Madhya Pradesh: Another BJP sweep unlikely
While the saffron party will likely win at the state level, as the assembly results presaged, it may get fewer seats than in 2019—to the Congress’ advantage
In Guna, union minister Jyotiraditya Scindia is said to be sweating it out and campaigning hard for the first time in the last 20 years. Accompanied by his wife and son, the scion of the erstwhile royal family of Gwalior is meeting ordinary voters, listening to their grievances and promising to address them, which is a novelty, say old-timers.

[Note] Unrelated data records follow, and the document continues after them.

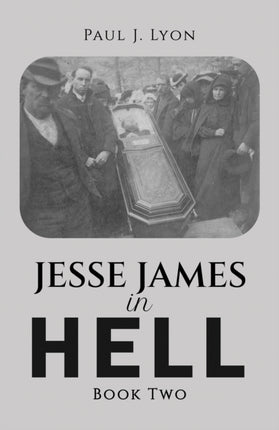 Jesse James in Hell  Book Two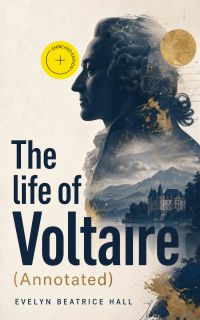 The life of Voltaire (Annotated)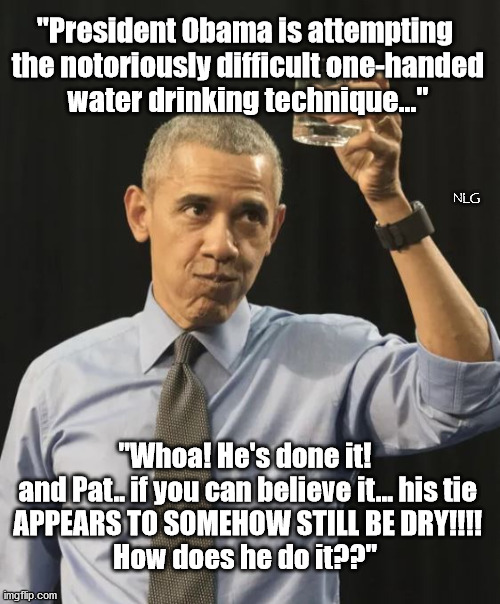 A President who is not challenged by simple everyday tasks most people do without thinking. | "President Obama is attempting
 the notoriously difficult one-handed
 water drinking technique..."; NLG; "Whoa! He's done it!
 and Pat.. if you can believe it... his tie
 APPEARS TO SOMEHOW STILL BE DRY!!!!
How does he do it??" | image tagged in politics,political meme,political,political humor | made w/ Imgflip meme maker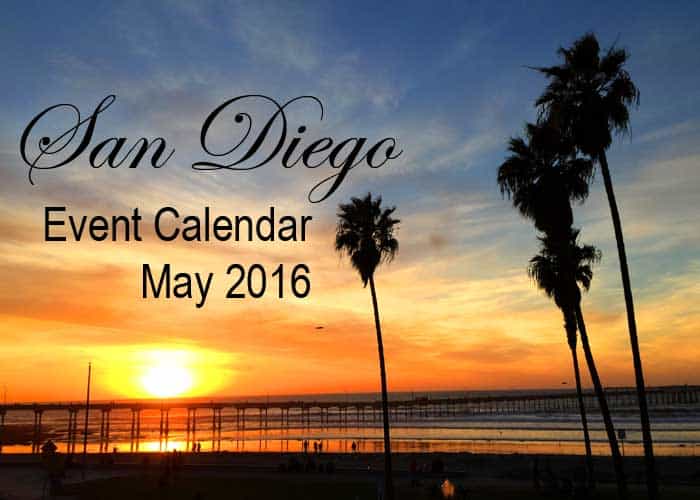 Eric Matz Real Estate Team Your San Diego Calendar of Events for May 2016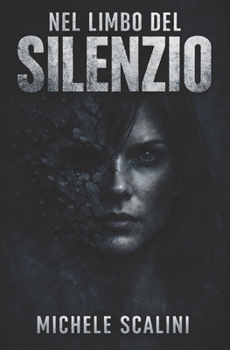 Paperback Nel limbo del silenzio [Italian] Book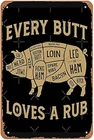 Every Butt Loves A Rub Tin Metal Signs Vintage Bar Farm Kitchen  8x12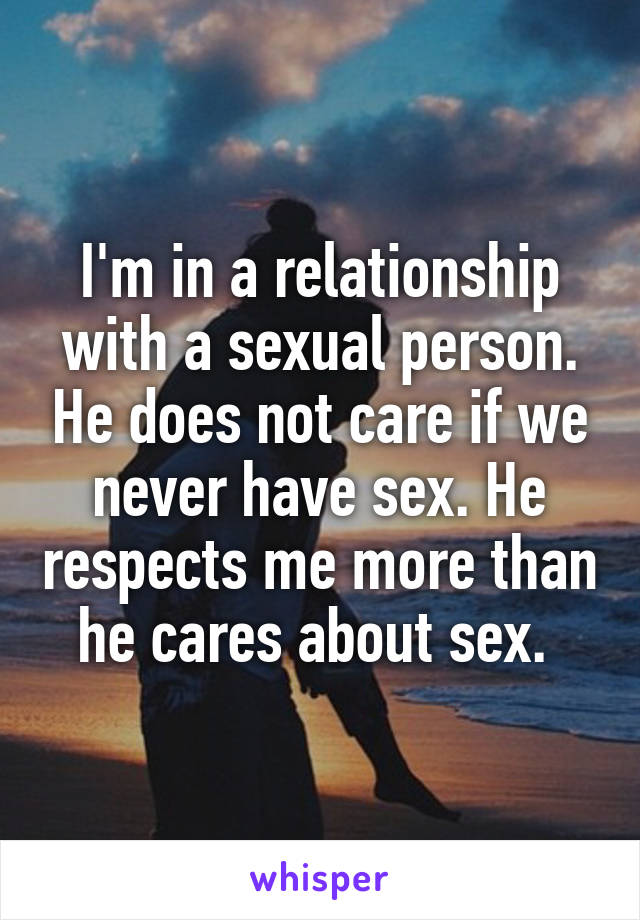 I'm in a relationship with a sexual person. He does not care if we never have sex. He respects me more than he cares about sex. 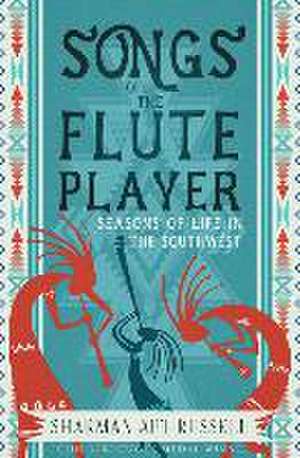 Songs of the Fluteplayer de Sharman Apt Russell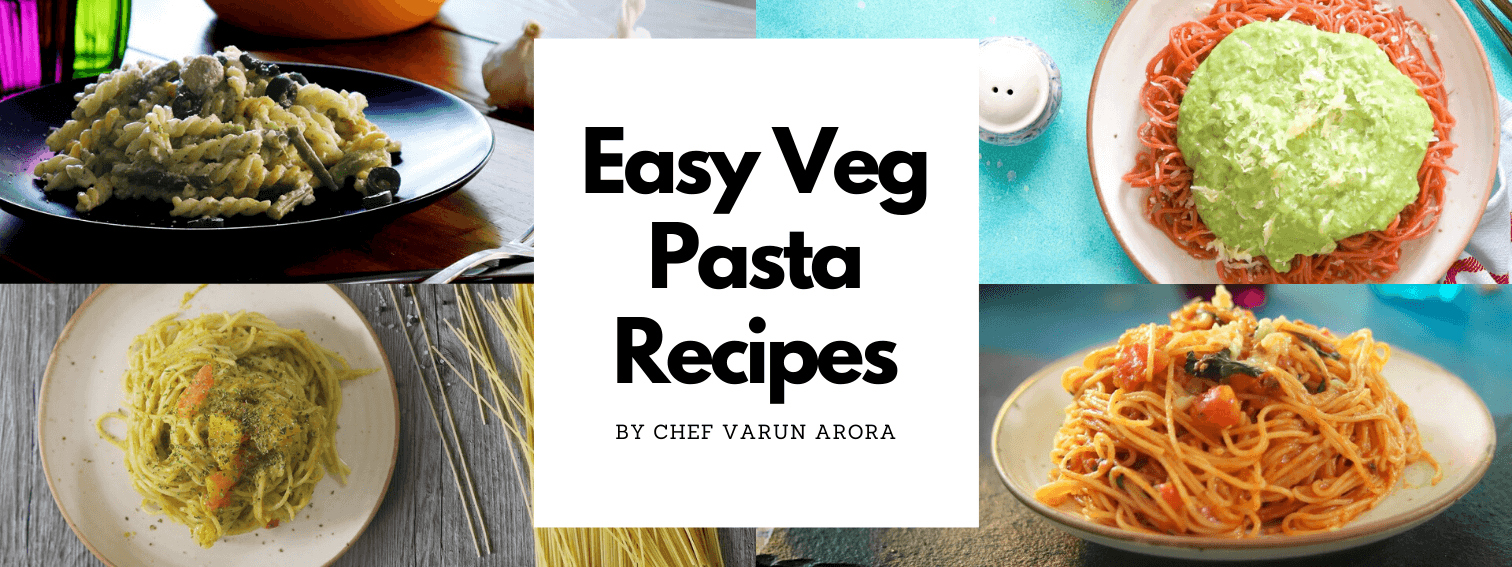 Easy Veg Pasta Recipes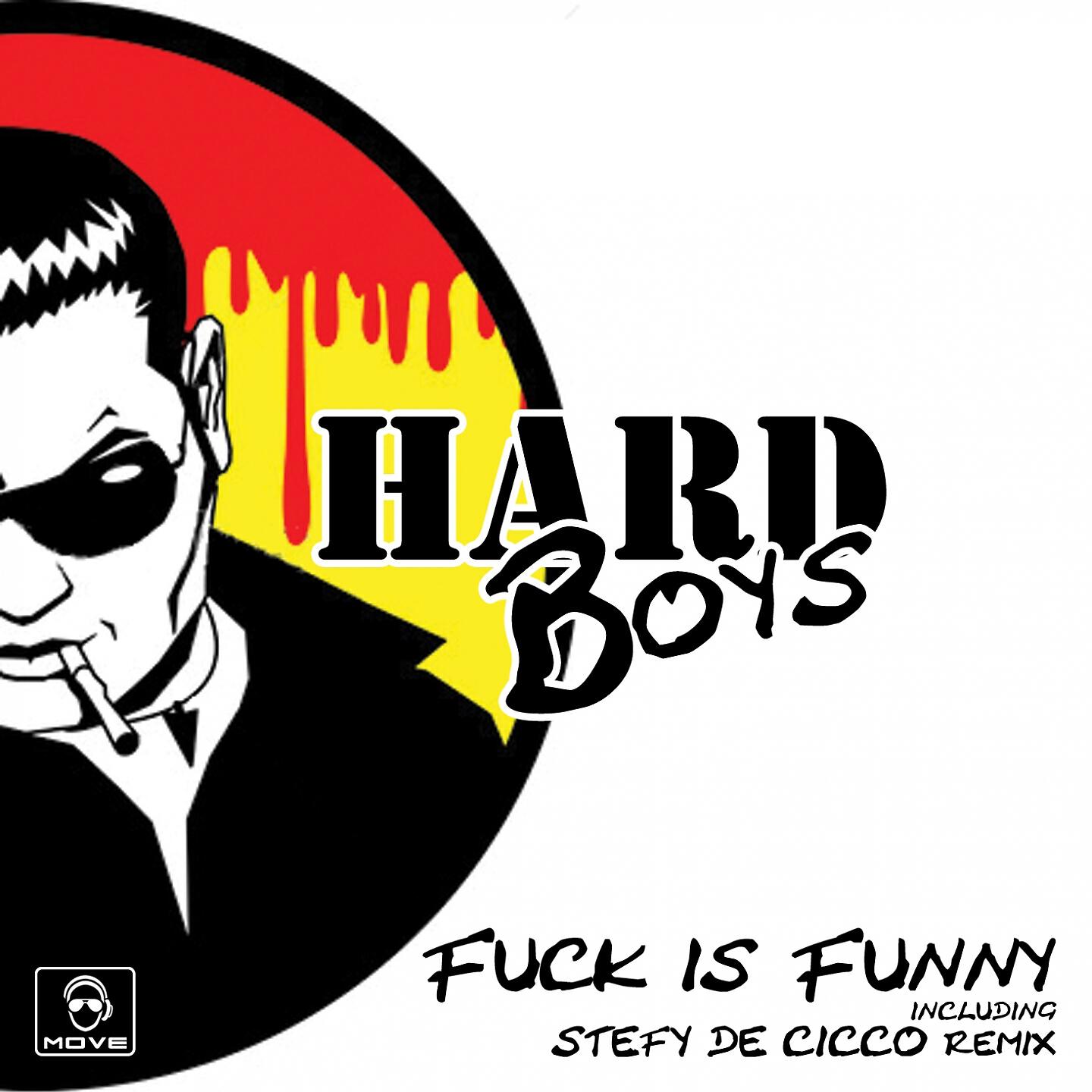 Hard Boys - Fuck is Funny (Stefy De Cicco Remix Ext)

Visiting hamlets of backward Sahariya tribals, declaring them as their old friend. On one hand, his wife is making rotis, and on the other hand, his son is having food with them.

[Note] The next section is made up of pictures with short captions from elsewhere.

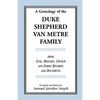 A Genealogy Of The Duke-Shepherd-Van Metre Family From Civil, Military, Church and Family Records and Documents - Paperback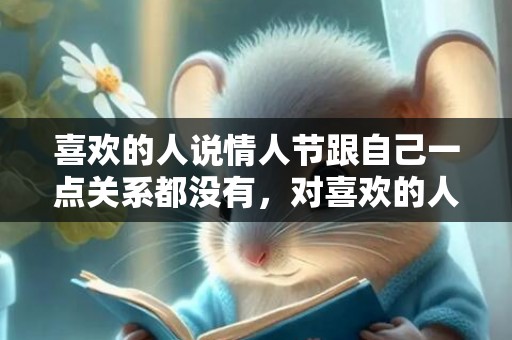 喜欢的人说情人节跟自己一点关系都没有，对喜欢的人说情人节快乐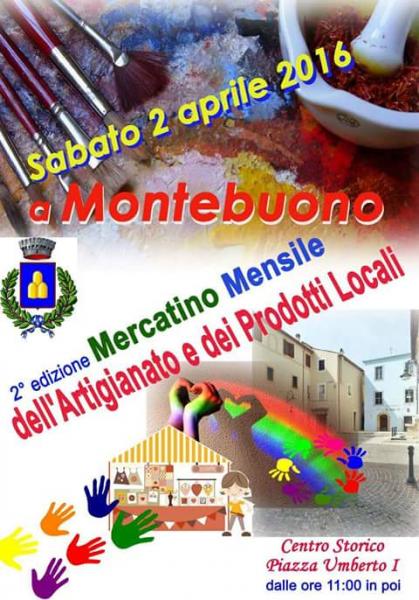 Mercatino Mensile Dell'Artigianato A Montebuono. (Rieti) 2° Edizione.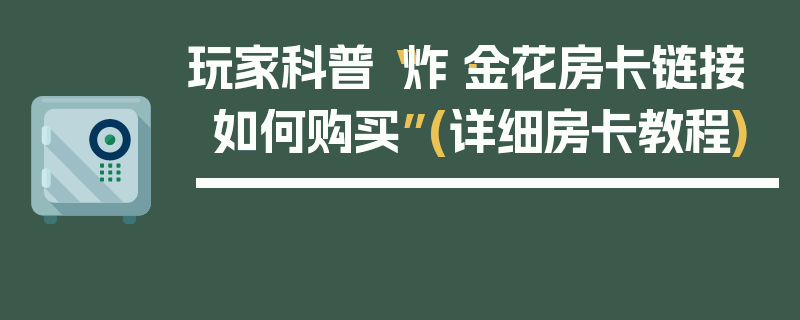 玩家科普“炸·金花房卡链接如何购买”(详细房卡教程)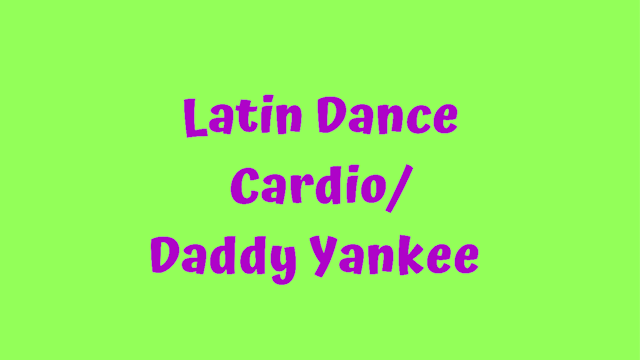 Latin Dance Cardio - Daddy Yankee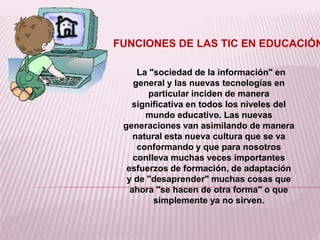 FUNCIONES DE LAS TIC EN EDUCACIÓN

     La "sociedad de la información" en
    general y las nuevas tecnologías en
        particular inciden de manera
   significativa en todos los niveles del
       mundo educativo. Las nuevas
 generaciones van asimilando de manera
    natural esta nueva cultura que se va
     conformando y que para nosotros
    conlleva muchas veces importantes
  esfuerzos de formación, de adaptación
  y de "desaprender" muchas cosas que
   ahora "se hacen de otra forma" o que
         simplemente ya no sirven.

“Scindia-ji jab Congress mein thhein, kabhi car se nahi utre. Bas car se haath hilate huey dikhte thhein. Aaj wey logo se haath mila rahein hain, sabse mil rahein hain. Beta adivasiyo ke ghar khana kha raha hai, biwi rotiya bana rahi hai (When Scindia-ji was in the Congress, he never got out of his car. He would just be seen waving from inside the car. Today he shakes hands with common people, meets everyone. His son sits down to a meal with the Adivasi folks in their homes, while his wife is making the rotis,” says 27-year-old BJP worker, Veerpal Yadav, who hails from Biloni village, 3 km from Guna city, near the bypass.
Veerpal said that he campaigned for the BJP in 2019, but this time, he is supporting the Congress.

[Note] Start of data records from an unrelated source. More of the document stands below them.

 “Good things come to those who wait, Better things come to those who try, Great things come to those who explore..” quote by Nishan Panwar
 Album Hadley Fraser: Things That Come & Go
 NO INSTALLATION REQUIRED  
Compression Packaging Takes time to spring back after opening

A 60-year-old man standing next to Veerpal, Kailash Narayan Yadav, claims that the 2.5 lakh Yadav voters who supported the BJP in 2019 are unhappy after the saffron party dropped K.P. Yadav, who last defeated Scindia with close to 1 lakh votes. “Jo jeeta uska ticket kaat diya. Jo hara usko ticket de diya. Yeh toh aisa hai ki India–Pakistan mein match ho, India jeet jaye, phir bhi world cup Pakistan ko de dein (They took away the ticket from the victor and gave it to the loser. It’s like an India–Pakistan match where India wins but you give Pakistan the World Cup),” he quips.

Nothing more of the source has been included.